Native to the Andes of South America, potato cultivation dates back 7,000 to 10,000 years ago. This nutritious tuber travelled with conquistadors back to Europe in the 16th century and quickly spread across the globe as a staple food crop.


  • Myriad culinary uses




When Plants Arrive:

  • Micro tubers are miniature seed potatoes, averaging about the size of a marble! They are grown much like standard-sized seed potato tubers, but they are extra small and rigorously examined for high quality. Micro tubers are propagated in a state-of-the-art tissue culture lab, which creates a more disease-free seed potato. A few of the reasons that we love micro tubers: they are known to be more disease resistant, and they are a great "bang for your buck" as a small bag of micro tubers will result in tons of large potatoes in just a few months!


  • Micro tubers should NOT be cut (like seed potatoes often are) and need to be planted whole. If you can not plant your tubers right away, be sure to store them in a cool, dark dry location (45 F is ideal temp).
  • Do not store in the refrigerator.
  • Potatoes can be planted before your last frost date in spring. Keep in mind that they prefer the soil to be above 45 F and they do not tolerate soggy, waterlogged soil. You can plant in ground, in potato bags or boxes, or raised beds; there are lots of options. Be sure to select a site with full sun and well-draining soil.
  • Plant micro tubers about 2 inches deep (taking care not to cover them too deeply as this can inhibit growth). Once the plants have sprouted you can hill the soil up along the stems as the plants grow through the season.
  • Space plants about 12 inches apart in rows 2-2.5 feet apart.
  • Keep plants well watered to ensure high yields, reducing water as the plants mature and foliage turns yellow.
  • Harvest tubers on a dry day, a few weeks after the foliage has died back.

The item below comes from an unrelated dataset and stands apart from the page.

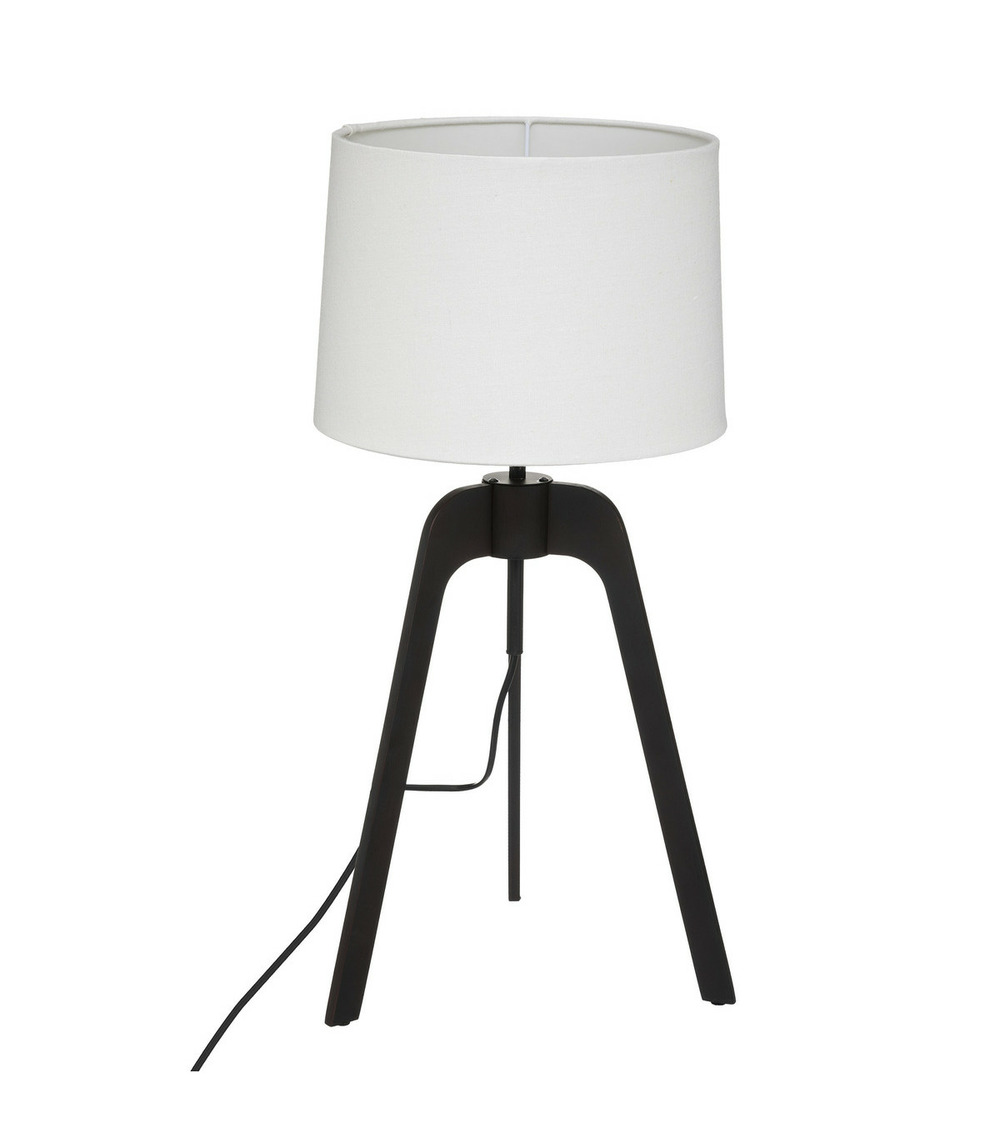 Lampe trépied en bambou et métal h 58.5 cm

  • Curing ensures that the tubers will not rot in storage. Be sure to dig potatoes on a dry day and set them to cure in a warm (ideal temp is 65 F), dark, dry location for a week to 10 days. Transition tubers to a well-ventilated storage area kept at 38-40 F.

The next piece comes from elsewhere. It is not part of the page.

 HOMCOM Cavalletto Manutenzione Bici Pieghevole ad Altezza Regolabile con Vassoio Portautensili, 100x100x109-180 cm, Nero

  • Micro tuber potatoes will grow into a full-sized plant with normal (not micro) sized tubers. The tubers that you select to save for subsequent plantings should be of average size and high quality. Potatoes will fruit, but the seeds will not breed true. That is why potatoes are propagated from tubers instead of seeds.
  • Provide ideal storage conditions in order to keep your tubers over winter until the following spring planting date. Be sure to cure tubers before storing, and store cured tubers in a cool, dark, dry location. Ideal storage temperature is 38-40 F.
  • Provide good air circulation in your storage area to discourage rot.